Poisson Pseudo-Maximum Likelihood (PPML) Model with Cluster-Robust Standard Errors
We will estimate a Poisson Pseudo-Maximum Likelihood (PPML) model using the data available in this package with the idea of replicating the PPML results from Table 3 in Yotov et al. (2016).
This requires to include exporter-time and importer-time fixed effects, and to cluster the standard errors by exporter-importer pairs.

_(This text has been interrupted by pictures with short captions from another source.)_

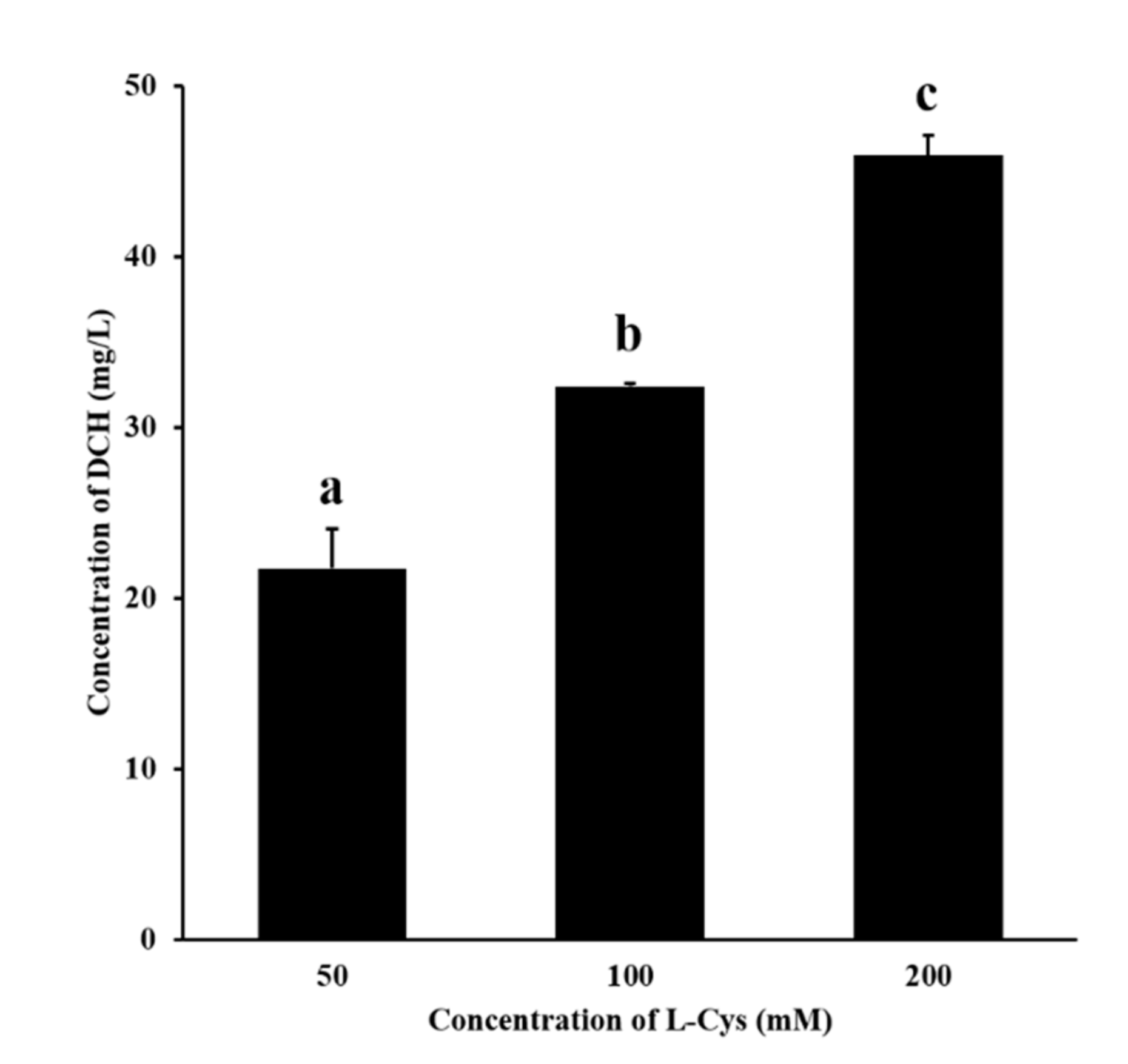 Foods 10 01391 g003 Foods 10 01391 g003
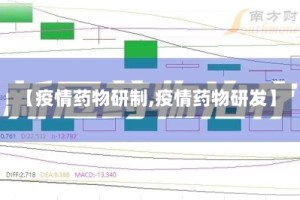 【疫情药物研制,疫情药物研发】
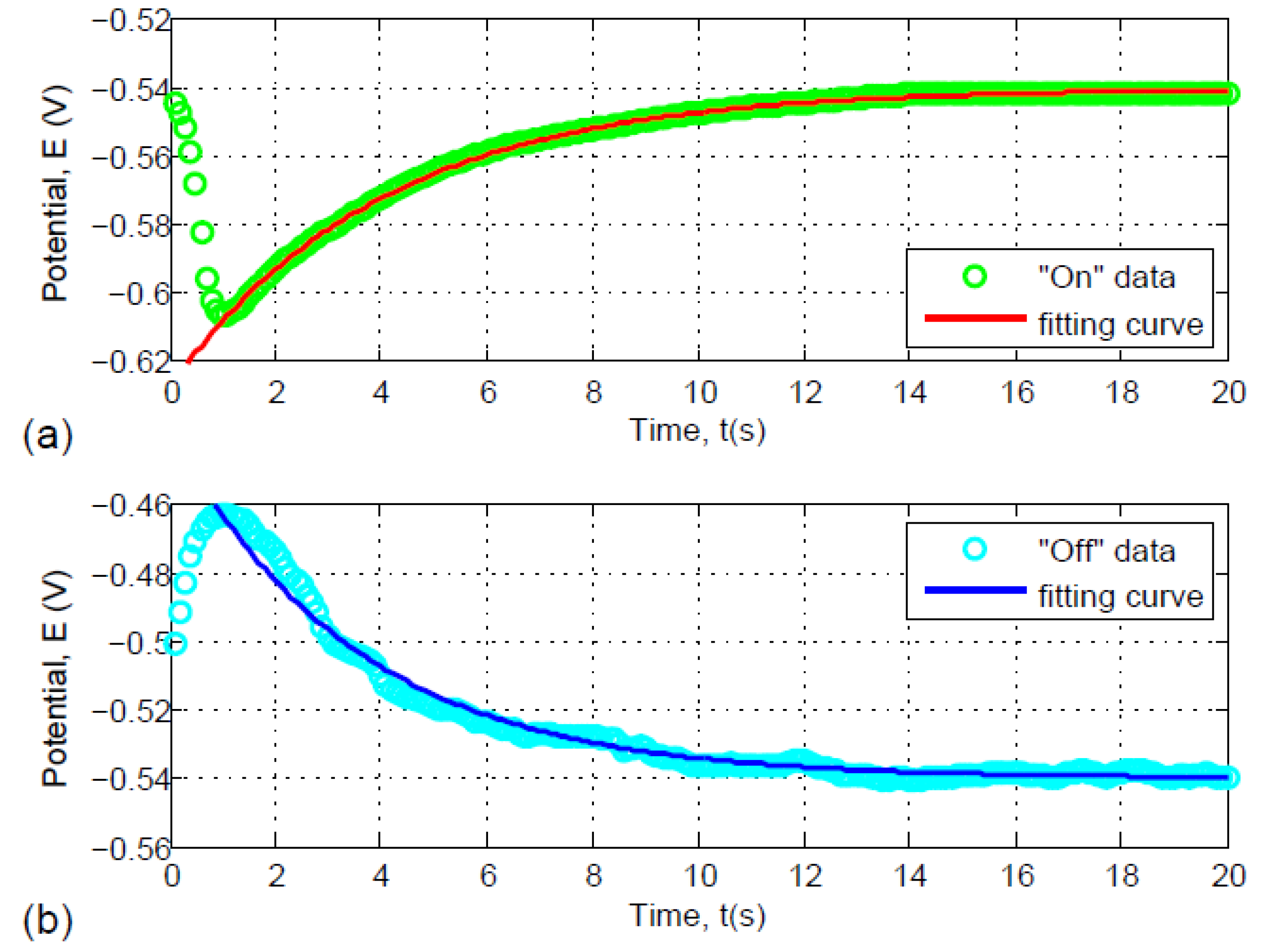 Carbon 09 00026 g006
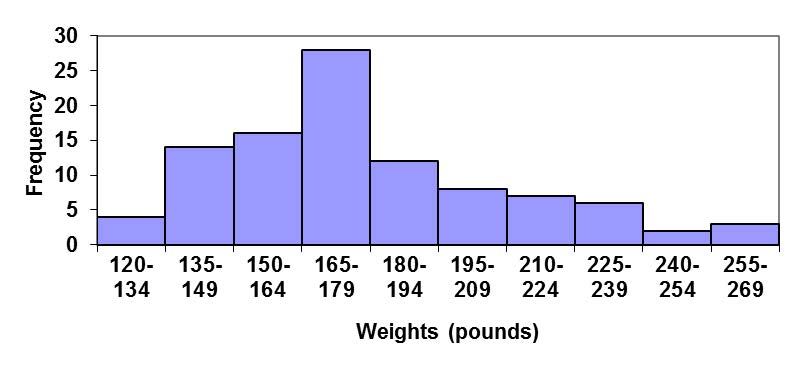 bar graph similar to the histogram with weight distribution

The PPML especification corresponds to: \[\begin{align} X_{ij,t} =& \:\exp\left[\beta_1 \log(DIST)_{i,j} + \beta_2 BORDER_{i,j} +\right.\\ \text{ }& \:\left.\beta_3 COMLANG_{i,j} + \beta_4 COLONY_{i,j} + \pi_{i,t} + \chi_{i,t}\right] \times \varepsilon_{ij,t}. \end{align}\]
Required packages:
library(capybara)
We can use the fepoisson() function to obtain the
estimated coefficients and we add the fixed effects as
| exp_year + imp_year in the formula.
Model estimation:
ross2004_subset <- ross2004[ross2004$year %in% seq(1989, 1999, 5), ]
ross2004_subset$trade <- exp(ross2004_subset$ltrade)
ross2004_subset$exp_year <- paste0(ross2004_subset$ctry1, ross2004_subset$year)
ross2004_subset$imp_year <- paste0(ross2004_subset$ctry2, ross2004_subset$year)
fit <- fepoisson(
trade ~ ldist + border + comlang + colony | exp_year + imp_year,
data = ross2004_subset
)
summary(fit)
Formula: trade ~ ldist + border + comlang + colony | exp_year + imp_year
Family: Poisson
Estimates:
| | Estimate | Std. Error | z value | Pr(>|z|) |
|---------|----------|------------|-------------|-----------|
| ldist | -0.9800 | 0.0000 | -90771.8020 | 0.0000 ** |
| border | 0.3200 | 0.0000 | 13707.7154 | 0.0000 ** |
| comlang | 0.2852 | 0.0000 | 12315.8981 | 0.0000 ** |
| colony | 0.3958 | 0.0000 | 12508.5396 | 0.0000 ** |
Significance codes: ** p < 0.01; * p < 0.05; + p < 0.10
Pseudo R-squared: 0.9591
Fixed effects:
exp_year: 457
imp_year: 457
Number of observations: Full 21450; Missing 0; Perfect classification 0
Number of Fisher Scoring iterations: 10
The coefficients are almost identical to those in Table 3 from Yotov et al. (2016) that were obtained with Stata. The difference is attributed to the different fitting algorithms used by the software. Capybara uses the demeaning algorithm proposed by Stammann (2018).
fit <- fepoisson(
trade ~ ldist + border + comlang + colony | exp_year + imp_year | pair,
data = ross2004_subset
)
summary(fit, type = "clustered")
Formula: trade ~ ldist + border + comlang + colony | exp_year + imp_year |
pair
Family: Poisson
Estimates:
| | Estimate | Std. Error | z value | Pr(>|z|) |
|---------|----------|------------|----------|-----------|
| ldist | -0.9800 | 0.0476 | -20.5747 | 0.0000 ** |
| border | 0.3200 | 0.1077 | 2.9719 | 0.0030 ** |
| comlang | 0.2852 | 0.0881 | 3.2362 | 0.0012 ** |
| colony | 0.3958 | 0.1032 | 3.8344 | 0.0001 ** |
Significance codes: ** p < 0.01; * p < 0.05; + p < 0.10
Pseudo R-squared: 0.9591
Fixed effects:
exp_year: 457
imp_year: 457
Number of observations: Full 21450; Missing 0; Perfect classification 0
Number of Fisher Scoring iterations: 10
The slopes are identical but the standard errors differ from the previous exampke. Capybara clustering algorithm is based on Cameron, Gelbach, and Miller (2011).